» **Your goal**
Reproduce the entries below exactly, but only from the line containing "Couple Finger Ring" to the line containing "CAMICIA TAVI CAMEL", inclusive.

[Data records]
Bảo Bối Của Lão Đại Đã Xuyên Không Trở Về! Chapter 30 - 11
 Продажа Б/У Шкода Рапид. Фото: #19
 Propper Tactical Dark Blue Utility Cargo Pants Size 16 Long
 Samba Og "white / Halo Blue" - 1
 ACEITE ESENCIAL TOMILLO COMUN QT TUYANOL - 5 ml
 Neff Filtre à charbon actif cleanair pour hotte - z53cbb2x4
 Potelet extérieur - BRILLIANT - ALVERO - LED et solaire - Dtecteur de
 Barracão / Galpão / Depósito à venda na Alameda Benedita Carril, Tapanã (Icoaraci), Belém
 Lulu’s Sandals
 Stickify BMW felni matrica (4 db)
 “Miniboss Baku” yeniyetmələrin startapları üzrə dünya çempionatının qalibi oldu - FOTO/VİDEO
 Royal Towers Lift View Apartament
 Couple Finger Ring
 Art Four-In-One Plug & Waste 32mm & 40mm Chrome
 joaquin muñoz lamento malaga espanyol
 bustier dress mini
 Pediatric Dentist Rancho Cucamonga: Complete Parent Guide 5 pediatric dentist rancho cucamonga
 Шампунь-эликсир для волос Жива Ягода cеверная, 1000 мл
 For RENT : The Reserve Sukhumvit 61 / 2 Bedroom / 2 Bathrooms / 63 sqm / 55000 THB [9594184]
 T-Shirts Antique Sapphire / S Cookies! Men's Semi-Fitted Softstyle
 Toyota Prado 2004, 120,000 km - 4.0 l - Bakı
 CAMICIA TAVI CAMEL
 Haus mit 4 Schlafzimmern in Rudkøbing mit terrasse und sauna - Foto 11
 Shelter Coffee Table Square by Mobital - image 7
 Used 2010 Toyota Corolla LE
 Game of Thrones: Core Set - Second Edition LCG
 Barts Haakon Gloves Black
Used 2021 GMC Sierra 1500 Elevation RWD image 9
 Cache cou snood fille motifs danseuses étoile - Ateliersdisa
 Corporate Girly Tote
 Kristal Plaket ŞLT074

» **Solution for this problem**
 Couple Finger Ring
 Art Four-In-One Plug & Waste 32mm & 40mm Chrome
 joaquin muñoz lamento malaga espanyol
 bustier dress mini
 Pediatric Dentist Rancho Cucamonga: Complete Parent Guide 5 pediatric dentist rancho cucamonga
 Шампунь-эликсир для волос Жива Ягода cеверная, 1000 мл
 For RENT : The Reserve Sukhumvit 61 / 2 Bedroom / 2 Bathrooms / 63 sqm / 55000 THB [9594184]
 T-Shirts Antique Sapphire / S Cookies! Men's Semi-Fitted Softstyle
 Toyota Prado 2004, 120,000 km - 4.0 l - Bakı
 CAMICIA TAVI CAMEL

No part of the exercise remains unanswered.